The Nigerian Senate has taken a bold step to reclaim the nation’s monetary independence by proposing a bill to prohibit the use of foreign currencies for payments and transactions within the country.
The bill, titled “A Bill for an Act to Alter the Central Bank of Nigeria Act, 2007, No. 7, to Prohibit the Use of Foreign Currencies for Remuneration and Other Related Matters,” passed its first reading in the Senate.
It aims to make the Naira the sole legal tender for all domestic transactions, salaries, and payments, including those related to exports.
The bill is sponsored by Senator Ned Munir Nwoko, Chairman of the Senate Committee on Reparations and Repatriation.
Senator Nwoko argued that the dominance of foreign currencies like the Dollar and Pound in Nigeria’s financial system is a legacy of colonial rule, which continues to weaken the Naira and hinder economic growth.
Key Provisions of the Bill
1. Ban on Payments in Foreign Currencies: All domestic payments, salaries (including for expatriates), and financial transactions within Nigeria must be conducted in Naira.
2. Export Transactions in Naira: Crude oil sales and other export deals must be paid for in Naira, forcing international buyers to purchase Naira, thereby boosting its demand and value.
3. Control of Informal Currency Markets: The bill seeks to eliminate illegal currency markets that promote unethical practices like round-tripping by banks.
4. Access to Affordable Loans: Nigerian banks will be required to offer loans at lower interest rates to support industrialization and economic development.
5. Domestic Custody of Foreign Reserves: The bill proposes storing Nigeria’s foreign reserves domestically to protect the economy from external shocks.
6. Strengthening of the Naira: By prioritizing the Naira for both local and international transactions, the bill aims to enhance its value and make it the central currency for Nigeria’s economy.
Expected Benefits
– Boost in Naira Demand: Requiring exports to be paid in Naira will increase demand for the currency, potentially raising its value.

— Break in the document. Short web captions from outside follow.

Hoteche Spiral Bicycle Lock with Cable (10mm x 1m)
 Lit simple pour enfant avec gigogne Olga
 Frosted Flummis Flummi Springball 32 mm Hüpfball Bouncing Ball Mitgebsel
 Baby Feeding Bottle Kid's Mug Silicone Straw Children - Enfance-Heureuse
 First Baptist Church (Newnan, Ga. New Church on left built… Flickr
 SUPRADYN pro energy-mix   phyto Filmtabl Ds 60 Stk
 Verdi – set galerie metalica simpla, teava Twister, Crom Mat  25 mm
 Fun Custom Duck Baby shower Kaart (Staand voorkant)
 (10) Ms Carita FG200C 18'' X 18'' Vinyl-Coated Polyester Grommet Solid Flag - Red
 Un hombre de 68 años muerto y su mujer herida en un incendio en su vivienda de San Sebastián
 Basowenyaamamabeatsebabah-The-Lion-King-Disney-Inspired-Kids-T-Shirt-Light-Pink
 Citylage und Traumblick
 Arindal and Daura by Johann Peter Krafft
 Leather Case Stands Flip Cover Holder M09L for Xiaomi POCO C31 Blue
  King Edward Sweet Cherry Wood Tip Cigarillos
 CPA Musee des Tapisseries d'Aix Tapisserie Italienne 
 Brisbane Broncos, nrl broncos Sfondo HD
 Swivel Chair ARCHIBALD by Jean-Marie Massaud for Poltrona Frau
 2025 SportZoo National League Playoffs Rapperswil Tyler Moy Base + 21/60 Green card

– Fair Payment Systems: The proposal to pay expatriates in Naira aims to eliminate salary disparities and promote equity in the workforce.
– Economic Diversification: By supporting local production and reducing reliance on imports, the bill could stimulate Nigeria’s manufacturing sector.
– National Pride and Self-Reliance: Eliminating the dependence on foreign currencies is seen as a move toward fostering national pride and economic independence.
– Financial Inclusion: The bill proposes innovations in cashless payment systems and international banking, encouraging Nigerian banks to offer better financial services globally.
How the Bill Affects Domiciliary Accounts
Senator Nwoko clarified that converting domiciliary account balances to Naira would be voluntary.
He argued that as the Naira’s value strengthens, Nigerians would naturally shift away from holding foreign currencies.
Access to foreign exchange for travel and other legitimate purposes would be guaranteed through banking reforms.
Drawing Inspiration from Morocco
Senator Nwoko cited Morocco as a case study, noting that the Moroccan Dirham has maintained stability against major global currencies for over 35 years.
He attributed this to Morocco’s policy of conducting all domestic transactions in its local currency.
He suggested that Nigeria, with its abundant natural resources and a large, dynamic population, has even greater potential to achieve similar stability if it adopts a similar approach.
A Vision for Nigeria’s Financial Future
The bill envisions a future where Nigerian banks expand their global footprint, introducing innovative payment systems like cashless wallets to facilitate international trade.
The proposed shift aims to address current issues with Nigerian debit cards, which are often unable to facilitate international online payments, and to make domiciliary accounts less necessary.
If passed into law, this legislation could usher in a new era of economic transformation, with Nigeria reclaiming control over its monetary policy.
By prioritizing the Naira, the bill seeks to promote growth, equity, and national pride, laying a foundation for a more resilient and self-sustaining economy.